Entries taken from a collection:
-.-.-

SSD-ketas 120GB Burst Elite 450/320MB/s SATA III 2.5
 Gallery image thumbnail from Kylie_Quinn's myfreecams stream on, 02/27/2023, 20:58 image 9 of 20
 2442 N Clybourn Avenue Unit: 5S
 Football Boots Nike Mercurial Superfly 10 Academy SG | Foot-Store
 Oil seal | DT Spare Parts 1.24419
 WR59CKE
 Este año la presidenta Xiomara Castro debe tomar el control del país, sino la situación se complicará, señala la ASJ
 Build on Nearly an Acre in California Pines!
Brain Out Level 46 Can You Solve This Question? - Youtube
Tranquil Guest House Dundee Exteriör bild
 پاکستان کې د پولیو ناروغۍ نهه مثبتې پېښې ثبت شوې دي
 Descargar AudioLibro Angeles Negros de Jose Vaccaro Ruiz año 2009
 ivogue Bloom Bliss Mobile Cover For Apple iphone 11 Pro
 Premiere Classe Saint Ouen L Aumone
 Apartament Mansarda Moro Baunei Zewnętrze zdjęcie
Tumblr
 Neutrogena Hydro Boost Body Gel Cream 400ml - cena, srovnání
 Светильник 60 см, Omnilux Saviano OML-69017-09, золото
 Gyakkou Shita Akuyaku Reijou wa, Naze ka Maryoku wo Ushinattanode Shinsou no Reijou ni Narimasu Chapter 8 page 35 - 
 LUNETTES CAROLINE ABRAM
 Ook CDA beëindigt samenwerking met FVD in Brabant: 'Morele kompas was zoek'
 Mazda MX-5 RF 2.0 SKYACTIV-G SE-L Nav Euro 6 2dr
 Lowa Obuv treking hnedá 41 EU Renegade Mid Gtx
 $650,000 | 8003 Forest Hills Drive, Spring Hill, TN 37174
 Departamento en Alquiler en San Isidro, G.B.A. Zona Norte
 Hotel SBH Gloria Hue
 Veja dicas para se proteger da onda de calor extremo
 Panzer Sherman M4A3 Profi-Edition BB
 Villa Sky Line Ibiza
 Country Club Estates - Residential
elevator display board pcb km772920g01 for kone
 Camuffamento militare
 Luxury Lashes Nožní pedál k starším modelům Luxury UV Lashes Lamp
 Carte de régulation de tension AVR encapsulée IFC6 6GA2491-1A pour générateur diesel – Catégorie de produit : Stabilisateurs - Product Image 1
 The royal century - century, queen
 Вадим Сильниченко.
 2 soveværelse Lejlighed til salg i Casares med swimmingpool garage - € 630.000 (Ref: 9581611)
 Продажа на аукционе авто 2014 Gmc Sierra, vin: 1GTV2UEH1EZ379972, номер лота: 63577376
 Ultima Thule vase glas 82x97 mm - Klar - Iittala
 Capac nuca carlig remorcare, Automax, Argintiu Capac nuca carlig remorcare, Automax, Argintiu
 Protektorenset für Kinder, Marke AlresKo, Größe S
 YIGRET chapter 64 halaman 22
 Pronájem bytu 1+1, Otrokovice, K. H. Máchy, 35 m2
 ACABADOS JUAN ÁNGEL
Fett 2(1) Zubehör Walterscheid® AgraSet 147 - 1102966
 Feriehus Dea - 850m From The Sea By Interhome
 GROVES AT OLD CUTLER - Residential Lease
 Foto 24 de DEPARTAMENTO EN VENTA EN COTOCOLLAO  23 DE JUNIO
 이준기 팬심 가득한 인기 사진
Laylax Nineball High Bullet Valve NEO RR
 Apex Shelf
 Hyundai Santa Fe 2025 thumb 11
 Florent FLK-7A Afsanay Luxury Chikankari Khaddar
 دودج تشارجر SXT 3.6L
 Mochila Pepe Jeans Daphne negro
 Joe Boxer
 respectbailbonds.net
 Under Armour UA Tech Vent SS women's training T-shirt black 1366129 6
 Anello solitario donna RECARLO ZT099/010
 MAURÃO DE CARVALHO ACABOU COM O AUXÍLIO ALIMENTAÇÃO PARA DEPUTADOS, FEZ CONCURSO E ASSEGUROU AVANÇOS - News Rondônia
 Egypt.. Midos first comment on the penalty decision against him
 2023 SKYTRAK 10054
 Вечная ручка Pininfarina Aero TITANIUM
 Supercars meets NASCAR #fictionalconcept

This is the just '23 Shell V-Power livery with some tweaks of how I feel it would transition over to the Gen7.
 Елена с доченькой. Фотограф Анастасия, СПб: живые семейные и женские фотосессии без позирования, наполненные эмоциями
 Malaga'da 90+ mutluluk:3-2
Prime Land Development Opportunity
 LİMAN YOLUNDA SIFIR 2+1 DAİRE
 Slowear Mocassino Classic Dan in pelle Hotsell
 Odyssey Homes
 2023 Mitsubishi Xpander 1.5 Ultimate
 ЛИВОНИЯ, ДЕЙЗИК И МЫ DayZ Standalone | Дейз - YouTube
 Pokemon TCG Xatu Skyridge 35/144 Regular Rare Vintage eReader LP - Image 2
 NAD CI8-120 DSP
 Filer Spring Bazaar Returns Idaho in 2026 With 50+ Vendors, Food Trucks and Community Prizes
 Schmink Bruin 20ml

-.-.-

## WHAT THIS TASK INVOLVES
Print all records shown above, word for word.

## FINISHED EXERCISE
SSD-ketas 120GB Burst Elite 450/320MB/s SATA III 2.5
 Gallery image thumbnail from Kylie_Quinn's myfreecams stream on, 02/27/2023, 20:58 image 9 of 20
 2442 N Clybourn Avenue Unit: 5S
 Football Boots Nike Mercurial Superfly 10 Academy SG | Foot-Store
 Oil seal | DT Spare Parts 1.24419
 WR59CKE
 Este año la presidenta Xiomara Castro debe tomar el control del país, sino la situación se complicará, señala la ASJ
 Build on Nearly an Acre in California Pines!
Brain Out Level 46 Can You Solve This Question? - Youtube
Tranquil Guest House Dundee Exteriör bild
 پاکستان کې د پولیو ناروغۍ نهه مثبتې پېښې ثبت شوې دي
 Descargar AudioLibro Angeles Negros de Jose Vaccaro Ruiz año 2009
 ivogue Bloom Bliss Mobile Cover For Apple iphone 11 Pro
 Premiere Classe Saint Ouen L Aumone
 Apartament Mansarda Moro Baunei Zewnętrze zdjęcie
Tumblr
 Neutrogena Hydro Boost Body Gel Cream 400ml - cena, srovnání
 Светильник 60 см, Omnilux Saviano OML-69017-09, золото
 Gyakkou Shita Akuyaku Reijou wa, Naze ka Maryoku wo Ushinattanode Shinsou no Reijou ni Narimasu Chapter 8 page 35 - 
 LUNETTES CAROLINE ABRAM
 Ook CDA beëindigt samenwerking met FVD in Brabant: 'Morele kompas was zoek'
 Mazda MX-5 RF 2.0 SKYACTIV-G SE-L Nav Euro 6 2dr
 Lowa Obuv treking hnedá 41 EU Renegade Mid Gtx
 $650,000 | 8003 Forest Hills Drive, Spring Hill, TN 37174
 Departamento en Alquiler en San Isidro, G.B.A. Zona Norte
 Hotel SBH Gloria Hue
 Veja dicas para se proteger da onda de calor extremo
 Panzer Sherman M4A3 Profi-Edition BB
 Villa Sky Line Ibiza
 Country Club Estates - Residential
elevator display board pcb km772920g01 for kone
 Camuffamento militare
 Luxury Lashes Nožní pedál k starším modelům Luxury UV Lashes Lamp
 Carte de régulation de tension AVR encapsulée IFC6 6GA2491-1A pour générateur diesel – Catégorie de produit : Stabilisateurs - Product Image 1
 The royal century - century, queen
 Вадим Сильниченко.
 2 soveværelse Lejlighed til salg i Casares med swimmingpool garage - € 630.000 (Ref: 9581611)
 Продажа на аукционе авто 2014 Gmc Sierra, vin: 1GTV2UEH1EZ379972, номер лота: 63577376
 Ultima Thule vase glas 82x97 mm - Klar - Iittala
 Capac nuca carlig remorcare, Automax, Argintiu Capac nuca carlig remorcare, Automax, Argintiu
 Protektorenset für Kinder, Marke AlresKo, Größe S
 YIGRET chapter 64 halaman 22
 Pronájem bytu 1+1, Otrokovice, K. H. Máchy, 35 m2
 ACABADOS JUAN ÁNGEL
Fett 2(1) Zubehör Walterscheid® AgraSet 147 - 1102966
 Feriehus Dea - 850m From The Sea By Interhome
 GROVES AT OLD CUTLER - Residential Lease
 Foto 24 de DEPARTAMENTO EN VENTA EN COTOCOLLAO  23 DE JUNIO
 이준기 팬심 가득한 인기 사진
Laylax Nineball High Bullet Valve NEO RR
 Apex Shelf
 Hyundai Santa Fe 2025 thumb 11
 Florent FLK-7A Afsanay Luxury Chikankari Khaddar
 دودج تشارجر SXT 3.6L
 Mochila Pepe Jeans Daphne negro
 Joe Boxer
 respectbailbonds.net
 Under Armour UA Tech Vent SS women's training T-shirt black 1366129 6
 Anello solitario donna RECARLO ZT099/010
 MAURÃO DE CARVALHO ACABOU COM O AUXÍLIO ALIMENTAÇÃO PARA DEPUTADOS, FEZ CONCURSO E ASSEGUROU AVANÇOS - News Rondônia
 Egypt.. Midos first comment on the penalty decision against him
 2023 SKYTRAK 10054
 Вечная ручка Pininfarina Aero TITANIUM
 Supercars meets NASCAR #fictionalconcept

This is the just '23 Shell V-Power livery with some tweaks of how I feel it would transition over to the Gen7.
 Елена с доченькой. Фотограф Анастасия, СПб: живые семейные и женские фотосессии без позирования, наполненные эмоциями
 Malaga'da 90+ mutluluk:3-2
Prime Land Development Opportunity
 LİMAN YOLUNDA SIFIR 2+1 DAİRE
 Slowear Mocassino Classic Dan in pelle Hotsell
 Odyssey Homes
 2023 Mitsubishi Xpander 1.5 Ultimate
 ЛИВОНИЯ, ДЕЙЗИК И МЫ DayZ Standalone | Дейз - YouTube
 Pokemon TCG Xatu Skyridge 35/144 Regular Rare Vintage eReader LP - Image 2
 NAD CI8-120 DSP
 Filer Spring Bazaar Returns Idaho in 2026 With 50+ Vendors, Food Trucks and Community Prizes
 Schmink Bruin 20ml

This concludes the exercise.